▸ **What is required**:
Below, locate the line that contains "May include: Black". Repeat exactly from that line to the line that contains "Cyrus Ribbed Cardigan", inclusive, leaving out the pictures.

Segment Start: Material provided

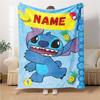 Custom Name Lilo & Stitch Floral Adventure blanket for Couch & Bed, Plush Cozy Fuzzy Blanket Super Soft & Warm Blankets for Fall and Winter. 0908407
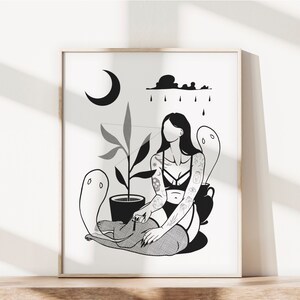 May include: Black and white illustration of a woman with tattoos sitting with a ghost and a plant. The woman is wearing a black bra and fishnet stockings. The background features a crescent moon, a cloud with raindrops, and a ghost.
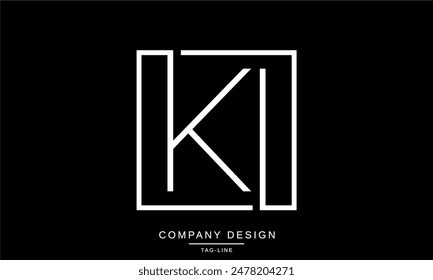 KI, IK Abstrakte Buchstaben Logo Monogramm Design Schriftart Symbol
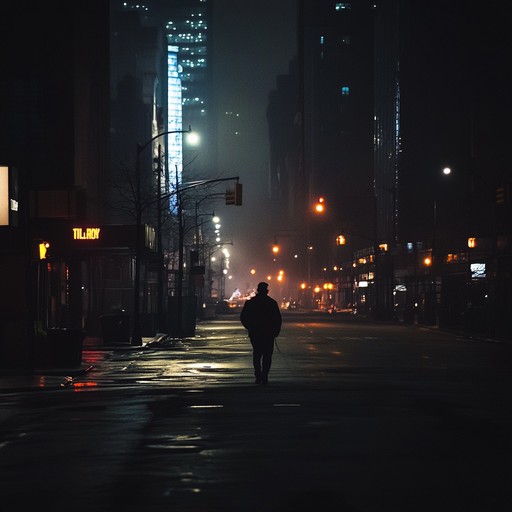 An instrumental piece that encapsulates the essence of a sleepless city night, using haunting melodies and slow, deep beats to create a brooding, melancholic atmosphere. The music is designed to reflect the loneliness and introspection one might feel while wandering through empty, dimly lit streets, with occasional bursts of intensity to convey fleeting moments of chaos or emotion.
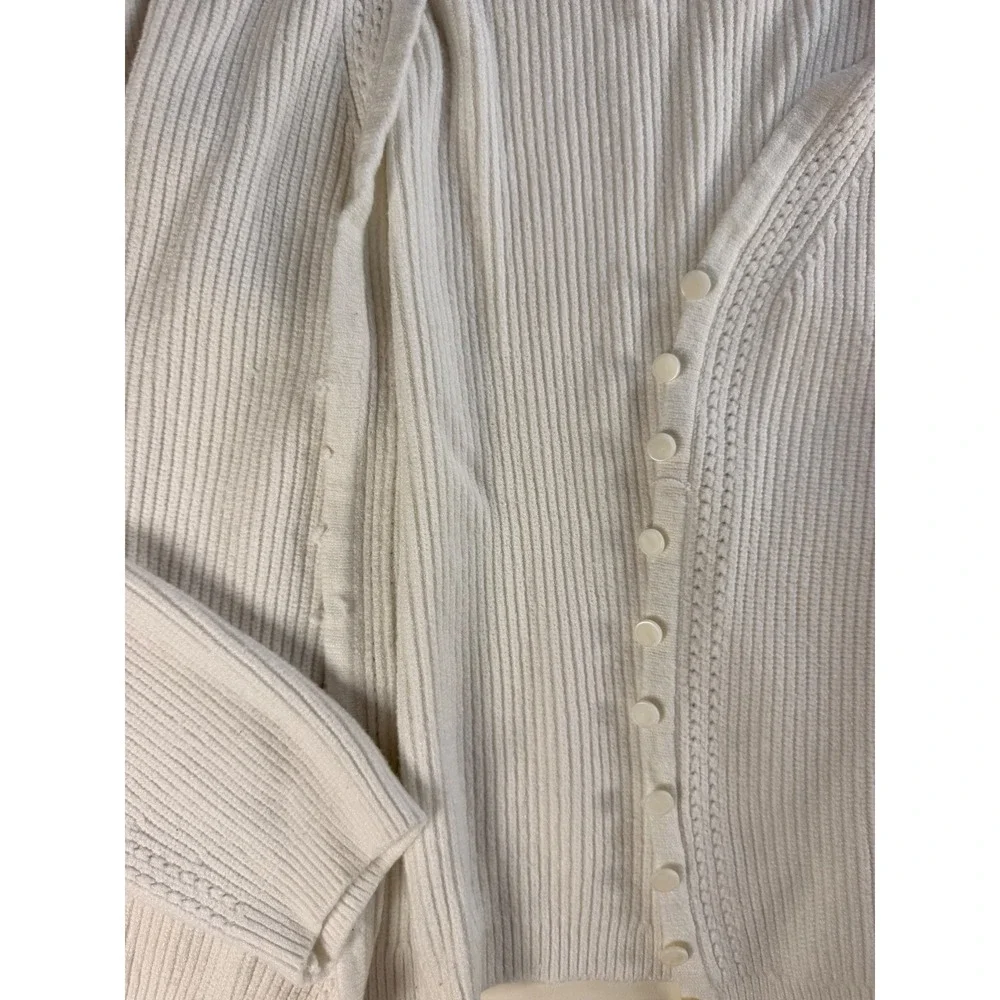Cyrus Ribbed Cardigan Women S Cream Y2K Minimalist Button Front V-Neck Sweater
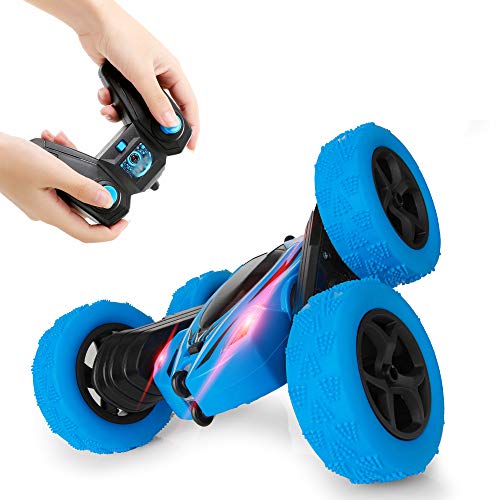 KIDWILL Coche de Control Remoto, 4WD 2.4 Ghz Coche Teledirigido, Remote Control Car de Alta Velocidad 360° Rotación y Volteo Doble Cara,Faros delanteros LED, Coches de Juguetes Regalo para Niños Niñas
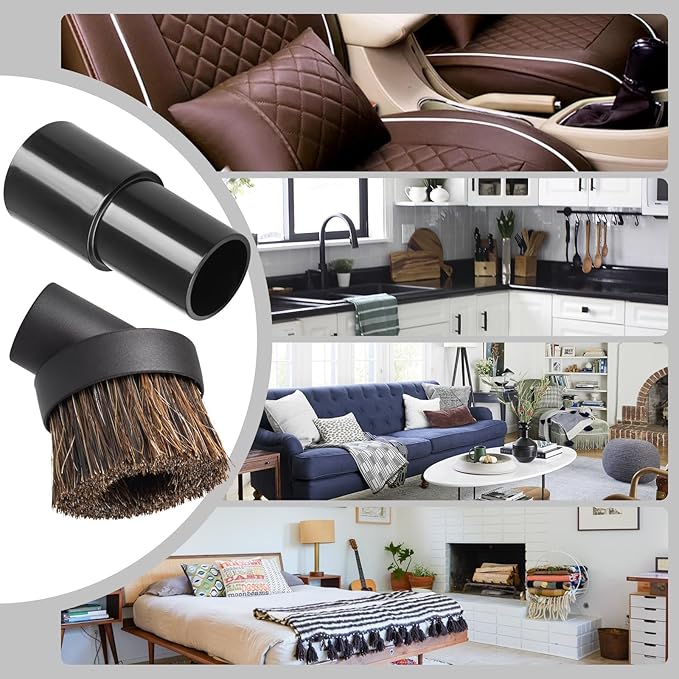 Soft Horse Hair Vacuum Brush Attachment For Shark Vacuum - Round Brush With Adapter - To Convert The 1 1/4" Tool To 1 1/2" Vacuum Hoses, Vacuum Attachment Brush Hair Length 35mm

Segment End: Material provided

▸ **Reply to the exercise**:
 May include: Black and white illustration of a woman with tattoos sitting with a ghost and a plant. The woman is wearing a black bra and fishnet stockings. The background features a crescent moon, a cloud with raindrops, and a ghost.
 KI, IK Abstrakte Buchstaben Logo Monogramm Design Schriftart Symbol
 An instrumental piece that encapsulates the essence of a sleepless city night, using haunting melodies and slow, deep beats to create a brooding, melancholic atmosphere. The music is designed to reflect the loneliness and introspection one might feel while wandering through empty, dimly lit streets, with occasional bursts of intensity to convey fleeting moments of chaos or emotion.
Cyrus Ribbed Cardigan Women S Cream Y2K Minimalist Button Front V-Neck Sweater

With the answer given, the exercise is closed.